On Tuesday, 18 December 2012 at 11:43:18 UTC, foobar wrote:
On Monday, 17 December 2012 at 22:24:00 UTC, Walter Bright
wrote:
On 12/17/2012 2:08 PM, Dmitry Olshansky wrote:
I really loved the way Turbo Pascal units were made. I wish D
go the same
route. Object files would then be looked at as minimal and
stupid variation of
module where symbols are identified by mangling (not plain
meta data as (would
be) in module) and no source for templates is emitted.
+1
I'll bite. How is this superior to D's system? I have never
used TP.
*Semantic info on interdependency of symbols in a source file
is destroyed right
before the linker and thus each .obj file is included as a
whole or not at all.
Thus all C run-times I've seen _sidestep_ this by writing
each function in its
own file(!). Even this alone should have been a clear
indication.
This is done using COMDATs in C++ and D today.
Honest question - If D already has all the semantic info in
COMDAT sections, why do we still require additional auxiliary
files? Surely, a single binary library (lib/so) should be
enough to encapsulate a library without the need to re-parse
the source files or additional header files?

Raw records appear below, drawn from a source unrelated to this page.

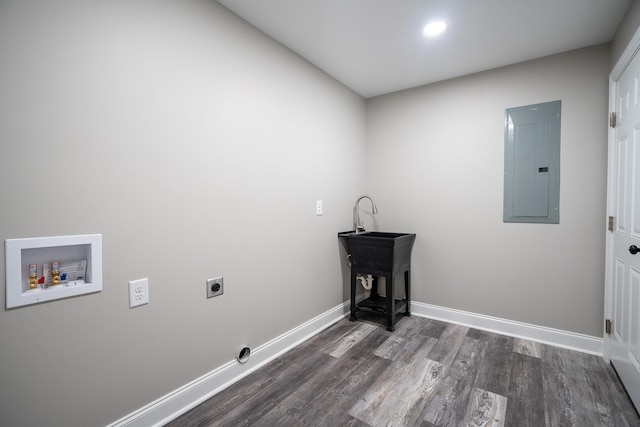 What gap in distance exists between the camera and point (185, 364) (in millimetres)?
1607

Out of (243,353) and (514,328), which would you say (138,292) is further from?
(514,328)

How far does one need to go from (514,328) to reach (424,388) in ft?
4.11

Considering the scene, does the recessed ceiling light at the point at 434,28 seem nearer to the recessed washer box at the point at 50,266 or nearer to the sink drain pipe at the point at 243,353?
the recessed washer box at the point at 50,266

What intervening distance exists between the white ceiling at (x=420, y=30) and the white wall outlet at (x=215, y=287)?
1.68m

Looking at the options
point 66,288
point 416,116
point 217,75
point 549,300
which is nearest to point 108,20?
point 217,75

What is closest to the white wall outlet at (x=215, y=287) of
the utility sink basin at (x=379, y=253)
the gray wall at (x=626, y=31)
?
the utility sink basin at (x=379, y=253)

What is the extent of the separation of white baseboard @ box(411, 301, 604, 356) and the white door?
0.62 feet

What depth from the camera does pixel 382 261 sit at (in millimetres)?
2598

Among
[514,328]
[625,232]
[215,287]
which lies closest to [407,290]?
[514,328]

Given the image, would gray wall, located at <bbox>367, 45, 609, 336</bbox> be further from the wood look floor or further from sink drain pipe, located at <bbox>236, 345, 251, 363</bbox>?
sink drain pipe, located at <bbox>236, 345, 251, 363</bbox>

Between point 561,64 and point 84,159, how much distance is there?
10.7ft

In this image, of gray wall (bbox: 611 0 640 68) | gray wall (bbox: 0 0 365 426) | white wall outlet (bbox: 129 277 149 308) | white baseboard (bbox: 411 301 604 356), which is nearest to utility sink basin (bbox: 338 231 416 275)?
white baseboard (bbox: 411 301 604 356)

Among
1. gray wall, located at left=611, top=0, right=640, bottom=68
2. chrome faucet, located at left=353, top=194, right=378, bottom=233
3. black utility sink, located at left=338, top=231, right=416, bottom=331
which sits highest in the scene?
gray wall, located at left=611, top=0, right=640, bottom=68

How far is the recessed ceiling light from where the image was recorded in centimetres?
194
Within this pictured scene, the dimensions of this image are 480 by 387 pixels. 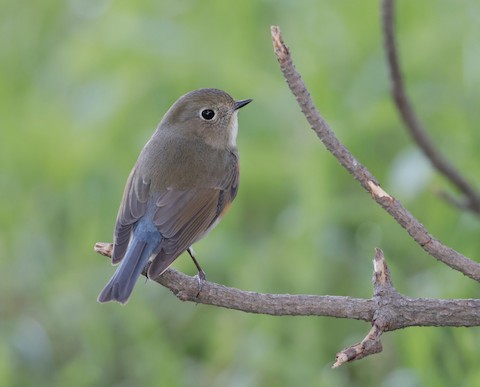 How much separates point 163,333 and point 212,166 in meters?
1.13

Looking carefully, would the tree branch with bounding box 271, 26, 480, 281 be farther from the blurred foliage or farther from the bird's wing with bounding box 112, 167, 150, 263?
the blurred foliage

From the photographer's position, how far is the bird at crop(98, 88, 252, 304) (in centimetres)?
376

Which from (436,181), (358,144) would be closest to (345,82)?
(358,144)

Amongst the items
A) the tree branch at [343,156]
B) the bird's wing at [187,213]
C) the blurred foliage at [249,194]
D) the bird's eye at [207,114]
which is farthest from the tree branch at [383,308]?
the bird's eye at [207,114]

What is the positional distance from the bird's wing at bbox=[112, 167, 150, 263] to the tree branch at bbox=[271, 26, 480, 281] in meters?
1.07

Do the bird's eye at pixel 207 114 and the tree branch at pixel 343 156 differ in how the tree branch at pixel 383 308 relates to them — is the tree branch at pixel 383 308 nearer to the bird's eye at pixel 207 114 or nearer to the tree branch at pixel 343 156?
the tree branch at pixel 343 156

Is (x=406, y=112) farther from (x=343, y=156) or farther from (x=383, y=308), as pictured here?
(x=383, y=308)

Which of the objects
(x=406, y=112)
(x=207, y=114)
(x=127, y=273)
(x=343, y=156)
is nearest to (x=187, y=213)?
(x=127, y=273)

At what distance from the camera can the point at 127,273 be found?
3.62 metres

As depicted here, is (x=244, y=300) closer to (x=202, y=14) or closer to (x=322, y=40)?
(x=322, y=40)

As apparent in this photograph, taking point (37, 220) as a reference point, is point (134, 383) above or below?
below

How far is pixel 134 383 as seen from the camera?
5.11 m

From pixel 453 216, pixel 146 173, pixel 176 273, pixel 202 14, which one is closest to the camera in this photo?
pixel 176 273

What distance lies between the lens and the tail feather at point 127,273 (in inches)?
139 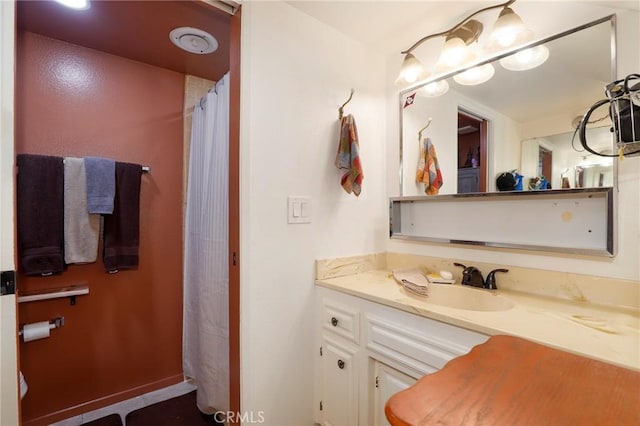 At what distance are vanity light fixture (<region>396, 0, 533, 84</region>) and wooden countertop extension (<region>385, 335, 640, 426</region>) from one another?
45.7 inches

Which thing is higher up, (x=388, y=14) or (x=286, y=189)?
(x=388, y=14)

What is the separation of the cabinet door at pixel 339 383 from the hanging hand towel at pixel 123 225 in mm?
1296

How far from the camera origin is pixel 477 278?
1.30m

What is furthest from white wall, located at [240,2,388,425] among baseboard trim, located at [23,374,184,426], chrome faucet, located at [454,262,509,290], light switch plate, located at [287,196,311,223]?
baseboard trim, located at [23,374,184,426]

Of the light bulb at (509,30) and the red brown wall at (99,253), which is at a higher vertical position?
the light bulb at (509,30)

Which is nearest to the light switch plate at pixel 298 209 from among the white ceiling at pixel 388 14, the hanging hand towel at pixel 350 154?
the hanging hand towel at pixel 350 154

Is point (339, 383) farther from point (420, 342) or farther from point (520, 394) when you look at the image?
point (520, 394)

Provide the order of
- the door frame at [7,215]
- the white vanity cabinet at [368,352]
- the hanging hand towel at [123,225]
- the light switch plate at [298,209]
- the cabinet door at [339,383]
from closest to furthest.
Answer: the door frame at [7,215] < the white vanity cabinet at [368,352] < the cabinet door at [339,383] < the light switch plate at [298,209] < the hanging hand towel at [123,225]

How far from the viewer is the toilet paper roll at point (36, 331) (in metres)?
1.41

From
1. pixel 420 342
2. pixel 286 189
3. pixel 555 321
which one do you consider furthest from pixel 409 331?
pixel 286 189

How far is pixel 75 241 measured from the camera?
1.59 meters

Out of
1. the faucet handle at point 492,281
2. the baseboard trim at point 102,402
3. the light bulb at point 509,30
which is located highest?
the light bulb at point 509,30

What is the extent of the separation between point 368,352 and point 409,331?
24 centimetres

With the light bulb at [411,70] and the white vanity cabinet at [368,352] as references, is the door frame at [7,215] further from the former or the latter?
the light bulb at [411,70] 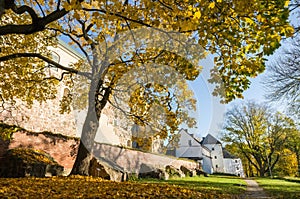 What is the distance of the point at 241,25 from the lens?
13.0 feet

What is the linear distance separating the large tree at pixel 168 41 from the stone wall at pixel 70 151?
79.5 inches

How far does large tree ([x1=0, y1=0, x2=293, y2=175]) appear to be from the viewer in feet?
11.0

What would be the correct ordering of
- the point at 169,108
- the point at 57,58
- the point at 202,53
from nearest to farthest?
the point at 202,53, the point at 169,108, the point at 57,58

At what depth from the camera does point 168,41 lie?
6656 millimetres

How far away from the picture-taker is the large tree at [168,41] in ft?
11.0

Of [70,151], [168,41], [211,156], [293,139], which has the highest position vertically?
[293,139]

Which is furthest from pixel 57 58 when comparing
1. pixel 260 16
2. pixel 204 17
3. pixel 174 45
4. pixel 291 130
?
pixel 291 130

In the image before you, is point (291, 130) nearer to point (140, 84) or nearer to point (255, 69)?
point (140, 84)

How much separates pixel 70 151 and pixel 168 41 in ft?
27.8

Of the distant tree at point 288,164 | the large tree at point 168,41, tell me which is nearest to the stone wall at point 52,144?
the large tree at point 168,41

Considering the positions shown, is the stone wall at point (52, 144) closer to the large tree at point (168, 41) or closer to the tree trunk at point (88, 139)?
the large tree at point (168, 41)

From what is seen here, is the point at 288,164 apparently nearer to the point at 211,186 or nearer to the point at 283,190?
the point at 283,190

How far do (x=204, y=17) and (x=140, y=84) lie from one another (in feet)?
17.5

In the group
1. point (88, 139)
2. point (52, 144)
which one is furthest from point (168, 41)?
point (52, 144) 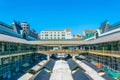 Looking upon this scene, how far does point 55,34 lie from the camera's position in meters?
170

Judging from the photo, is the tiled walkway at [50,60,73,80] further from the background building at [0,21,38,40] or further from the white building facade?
the white building facade

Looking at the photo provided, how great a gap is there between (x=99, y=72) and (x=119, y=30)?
15.2 metres

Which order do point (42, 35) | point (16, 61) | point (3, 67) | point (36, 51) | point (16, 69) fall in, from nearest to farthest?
point (3, 67)
point (16, 69)
point (16, 61)
point (36, 51)
point (42, 35)

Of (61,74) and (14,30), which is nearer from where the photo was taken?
(61,74)

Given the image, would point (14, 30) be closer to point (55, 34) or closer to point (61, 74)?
point (61, 74)

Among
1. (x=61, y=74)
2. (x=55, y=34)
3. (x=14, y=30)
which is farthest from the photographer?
(x=55, y=34)

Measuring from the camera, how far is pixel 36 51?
70.7 meters

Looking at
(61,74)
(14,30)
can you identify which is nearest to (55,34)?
(14,30)

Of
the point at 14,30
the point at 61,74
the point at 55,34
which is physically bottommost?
the point at 61,74

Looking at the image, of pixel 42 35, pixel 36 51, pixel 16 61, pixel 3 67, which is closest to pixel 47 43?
pixel 36 51

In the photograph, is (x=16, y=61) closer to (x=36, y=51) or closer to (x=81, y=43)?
(x=36, y=51)

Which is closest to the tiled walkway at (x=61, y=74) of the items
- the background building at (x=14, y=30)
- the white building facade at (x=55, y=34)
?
the background building at (x=14, y=30)

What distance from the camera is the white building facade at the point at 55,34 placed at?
167 meters

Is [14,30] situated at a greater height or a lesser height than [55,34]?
lesser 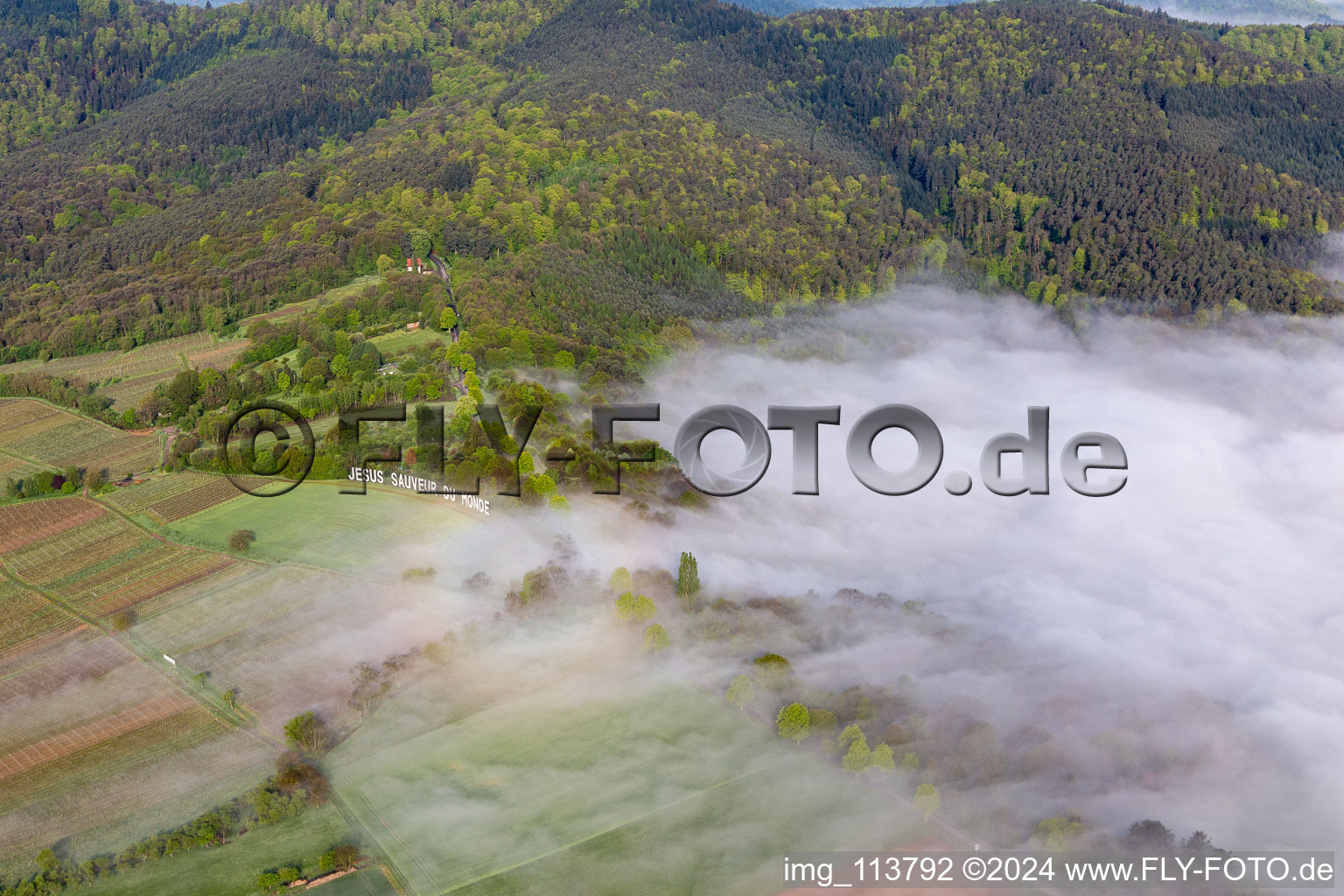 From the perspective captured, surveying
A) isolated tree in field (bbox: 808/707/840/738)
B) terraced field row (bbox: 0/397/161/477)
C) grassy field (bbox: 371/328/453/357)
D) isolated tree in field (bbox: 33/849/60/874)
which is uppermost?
grassy field (bbox: 371/328/453/357)

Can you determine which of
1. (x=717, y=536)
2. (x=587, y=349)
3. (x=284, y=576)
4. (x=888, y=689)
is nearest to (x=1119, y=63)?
(x=587, y=349)

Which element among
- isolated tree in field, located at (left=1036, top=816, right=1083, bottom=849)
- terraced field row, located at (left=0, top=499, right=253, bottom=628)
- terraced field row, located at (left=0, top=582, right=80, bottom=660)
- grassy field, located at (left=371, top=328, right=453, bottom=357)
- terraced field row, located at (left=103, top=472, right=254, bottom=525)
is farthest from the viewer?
grassy field, located at (left=371, top=328, right=453, bottom=357)

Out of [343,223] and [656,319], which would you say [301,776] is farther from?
[343,223]

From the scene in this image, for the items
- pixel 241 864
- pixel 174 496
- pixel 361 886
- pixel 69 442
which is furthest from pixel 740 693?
pixel 69 442

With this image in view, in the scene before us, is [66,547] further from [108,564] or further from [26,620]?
[26,620]

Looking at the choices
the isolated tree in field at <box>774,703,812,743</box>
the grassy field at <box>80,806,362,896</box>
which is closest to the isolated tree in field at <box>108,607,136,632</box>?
the grassy field at <box>80,806,362,896</box>

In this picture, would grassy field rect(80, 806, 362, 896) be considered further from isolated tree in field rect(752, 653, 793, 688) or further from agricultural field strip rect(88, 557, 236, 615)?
agricultural field strip rect(88, 557, 236, 615) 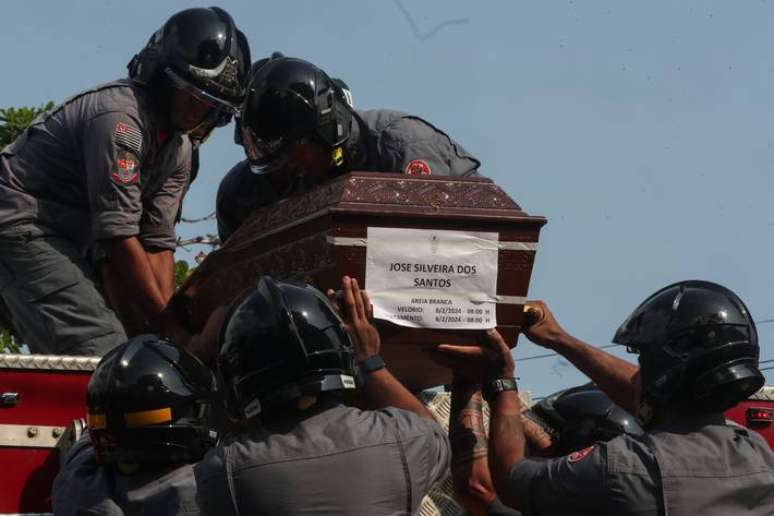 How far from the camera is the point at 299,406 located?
3.69 metres

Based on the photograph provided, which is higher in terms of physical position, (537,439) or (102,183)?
(102,183)

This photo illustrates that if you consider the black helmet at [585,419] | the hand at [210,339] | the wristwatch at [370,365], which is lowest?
the black helmet at [585,419]

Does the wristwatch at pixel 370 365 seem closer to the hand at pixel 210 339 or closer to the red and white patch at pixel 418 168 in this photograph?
the hand at pixel 210 339

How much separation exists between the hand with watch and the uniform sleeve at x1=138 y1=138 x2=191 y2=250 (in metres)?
1.93

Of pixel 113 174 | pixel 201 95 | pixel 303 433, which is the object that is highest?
pixel 201 95

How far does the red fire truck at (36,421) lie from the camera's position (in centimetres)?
490

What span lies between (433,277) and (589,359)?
0.62 metres

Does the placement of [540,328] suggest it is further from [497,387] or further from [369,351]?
[369,351]

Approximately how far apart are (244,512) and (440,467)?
505 mm

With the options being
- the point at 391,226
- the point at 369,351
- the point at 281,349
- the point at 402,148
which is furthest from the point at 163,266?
the point at 281,349

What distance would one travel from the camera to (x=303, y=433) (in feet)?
12.0

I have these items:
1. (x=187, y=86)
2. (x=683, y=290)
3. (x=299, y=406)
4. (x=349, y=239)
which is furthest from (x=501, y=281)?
(x=187, y=86)

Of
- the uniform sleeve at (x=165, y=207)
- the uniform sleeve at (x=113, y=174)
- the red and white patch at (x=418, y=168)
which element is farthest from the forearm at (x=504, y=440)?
the uniform sleeve at (x=165, y=207)

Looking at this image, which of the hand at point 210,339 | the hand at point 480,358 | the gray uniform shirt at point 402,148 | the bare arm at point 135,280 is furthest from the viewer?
the bare arm at point 135,280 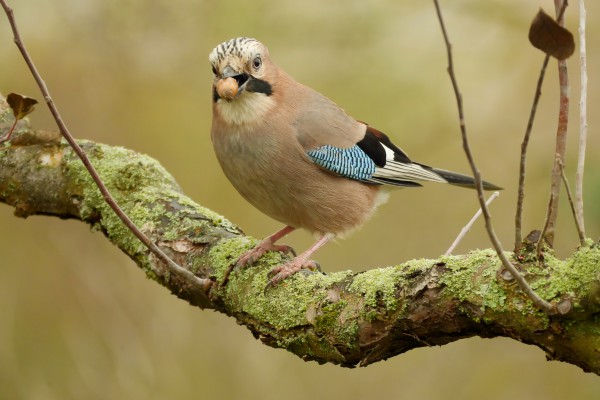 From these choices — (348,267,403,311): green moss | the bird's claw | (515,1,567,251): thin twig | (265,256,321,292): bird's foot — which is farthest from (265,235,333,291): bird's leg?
(515,1,567,251): thin twig

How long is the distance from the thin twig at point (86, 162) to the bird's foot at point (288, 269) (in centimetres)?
26

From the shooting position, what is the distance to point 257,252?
3.65 metres

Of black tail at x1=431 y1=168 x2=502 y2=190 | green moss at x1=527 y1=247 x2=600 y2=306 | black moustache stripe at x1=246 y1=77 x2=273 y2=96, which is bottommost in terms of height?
green moss at x1=527 y1=247 x2=600 y2=306

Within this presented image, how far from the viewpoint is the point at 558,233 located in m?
5.23

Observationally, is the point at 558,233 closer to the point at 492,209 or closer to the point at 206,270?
the point at 492,209

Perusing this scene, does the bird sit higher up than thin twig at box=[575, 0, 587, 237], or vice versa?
the bird

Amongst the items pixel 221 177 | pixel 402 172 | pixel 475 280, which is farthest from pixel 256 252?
pixel 221 177

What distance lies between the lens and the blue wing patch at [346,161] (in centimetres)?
414

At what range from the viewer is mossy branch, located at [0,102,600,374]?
228 cm

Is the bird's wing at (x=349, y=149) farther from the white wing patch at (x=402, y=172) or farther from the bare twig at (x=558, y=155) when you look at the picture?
the bare twig at (x=558, y=155)

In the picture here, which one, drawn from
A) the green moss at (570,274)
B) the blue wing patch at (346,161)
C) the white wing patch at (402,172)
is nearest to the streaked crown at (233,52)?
the blue wing patch at (346,161)

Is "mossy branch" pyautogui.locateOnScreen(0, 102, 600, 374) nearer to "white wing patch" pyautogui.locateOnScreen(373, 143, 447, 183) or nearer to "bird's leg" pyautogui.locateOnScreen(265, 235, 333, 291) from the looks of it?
"bird's leg" pyautogui.locateOnScreen(265, 235, 333, 291)

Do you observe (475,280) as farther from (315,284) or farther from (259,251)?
(259,251)

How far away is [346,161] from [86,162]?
1817 millimetres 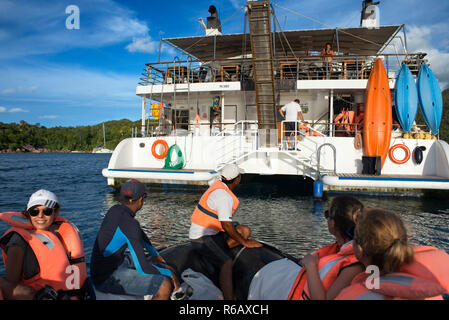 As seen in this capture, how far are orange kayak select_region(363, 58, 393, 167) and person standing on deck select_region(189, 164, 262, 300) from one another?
7.84m

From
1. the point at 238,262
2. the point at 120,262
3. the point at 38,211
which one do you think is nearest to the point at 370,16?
the point at 238,262

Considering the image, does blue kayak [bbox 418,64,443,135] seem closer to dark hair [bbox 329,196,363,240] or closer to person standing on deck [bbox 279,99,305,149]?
person standing on deck [bbox 279,99,305,149]

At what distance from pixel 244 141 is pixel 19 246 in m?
9.25

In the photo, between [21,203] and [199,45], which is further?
[199,45]

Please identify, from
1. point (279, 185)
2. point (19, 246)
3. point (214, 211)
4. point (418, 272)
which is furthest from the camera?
point (279, 185)

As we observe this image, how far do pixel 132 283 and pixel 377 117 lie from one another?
376 inches

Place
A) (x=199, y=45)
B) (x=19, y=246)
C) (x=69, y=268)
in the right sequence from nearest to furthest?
1. (x=19, y=246)
2. (x=69, y=268)
3. (x=199, y=45)

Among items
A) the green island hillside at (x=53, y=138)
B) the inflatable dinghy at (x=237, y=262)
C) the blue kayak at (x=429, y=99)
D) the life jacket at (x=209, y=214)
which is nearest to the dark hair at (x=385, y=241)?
the inflatable dinghy at (x=237, y=262)

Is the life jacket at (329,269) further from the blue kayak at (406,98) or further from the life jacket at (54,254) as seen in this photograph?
the blue kayak at (406,98)

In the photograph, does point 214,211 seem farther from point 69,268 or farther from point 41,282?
point 41,282

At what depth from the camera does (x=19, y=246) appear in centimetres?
219

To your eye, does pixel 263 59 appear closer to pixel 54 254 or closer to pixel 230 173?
pixel 230 173

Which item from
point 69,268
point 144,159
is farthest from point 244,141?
point 69,268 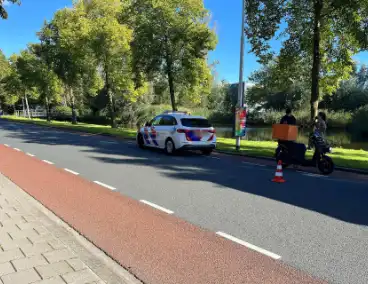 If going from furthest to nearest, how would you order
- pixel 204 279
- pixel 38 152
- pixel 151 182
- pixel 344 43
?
pixel 344 43
pixel 38 152
pixel 151 182
pixel 204 279

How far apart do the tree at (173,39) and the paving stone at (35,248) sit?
18800mm

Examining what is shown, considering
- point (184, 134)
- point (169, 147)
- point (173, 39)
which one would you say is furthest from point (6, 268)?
point (173, 39)

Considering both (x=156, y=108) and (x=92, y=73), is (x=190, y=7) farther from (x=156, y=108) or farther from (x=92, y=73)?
(x=156, y=108)

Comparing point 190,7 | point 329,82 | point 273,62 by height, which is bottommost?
point 329,82

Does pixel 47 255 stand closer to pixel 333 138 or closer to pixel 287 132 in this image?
pixel 287 132

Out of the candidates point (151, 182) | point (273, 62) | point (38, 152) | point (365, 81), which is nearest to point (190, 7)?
point (273, 62)

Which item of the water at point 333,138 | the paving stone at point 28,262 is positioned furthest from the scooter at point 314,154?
the water at point 333,138

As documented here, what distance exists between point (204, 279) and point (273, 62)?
16.3 m

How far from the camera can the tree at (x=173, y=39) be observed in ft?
68.5

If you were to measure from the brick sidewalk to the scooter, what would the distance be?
6720mm

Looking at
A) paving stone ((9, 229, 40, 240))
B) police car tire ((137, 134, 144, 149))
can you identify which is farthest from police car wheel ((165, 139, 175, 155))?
paving stone ((9, 229, 40, 240))

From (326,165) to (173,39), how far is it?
14.9 meters

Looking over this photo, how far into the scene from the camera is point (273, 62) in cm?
1798

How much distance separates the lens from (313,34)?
15.4 m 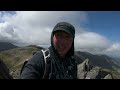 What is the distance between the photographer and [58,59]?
3174mm

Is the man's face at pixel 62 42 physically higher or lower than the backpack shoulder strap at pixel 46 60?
higher

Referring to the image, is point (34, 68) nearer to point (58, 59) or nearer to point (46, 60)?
point (46, 60)

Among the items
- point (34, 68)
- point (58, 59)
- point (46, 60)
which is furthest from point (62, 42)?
point (34, 68)

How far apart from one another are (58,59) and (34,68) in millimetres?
397

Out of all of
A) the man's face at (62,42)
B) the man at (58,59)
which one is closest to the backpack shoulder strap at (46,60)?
the man at (58,59)

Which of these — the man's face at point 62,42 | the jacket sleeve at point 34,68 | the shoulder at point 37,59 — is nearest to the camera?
the jacket sleeve at point 34,68

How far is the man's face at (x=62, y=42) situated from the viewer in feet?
10.3

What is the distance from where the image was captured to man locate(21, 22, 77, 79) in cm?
290

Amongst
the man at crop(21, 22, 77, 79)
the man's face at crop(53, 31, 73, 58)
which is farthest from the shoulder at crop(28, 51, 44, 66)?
the man's face at crop(53, 31, 73, 58)

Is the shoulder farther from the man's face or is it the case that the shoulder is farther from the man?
the man's face

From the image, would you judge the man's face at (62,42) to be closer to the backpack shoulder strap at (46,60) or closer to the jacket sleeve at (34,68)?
the backpack shoulder strap at (46,60)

You yourself seem to agree that a single zip file is superior
to what we currently have and as an aside the entire Java
community agrees with use - Java Jar/War/etc formats are all
renamed zip archives.
Regarding the obfuscation and portability issues - the zip file
can contain whatever we want. This means it should be possible
to tailor the contents to support different use-cases:
* provide fat-libraries as in OSX - internally store multiple
binaries for different architectures, those binary objects are
very hard to decompile back to source code thus answering the
obfuscation need.
* provide a byte-code solution to support the portability
case. e.g Java byte-code or Google's pNaCL solution that relies
on LLVM bit-code.
Also, there are different work-flows that can be implemented -
Java uses JIT to gain efficiency vs. .NET that supports
install-time AOT compilation. It basically stores the native
executable in a special cache.
In Windows 8 RT, .NET binaries are actually compiled to native
code when uploaded to the Windows App Store.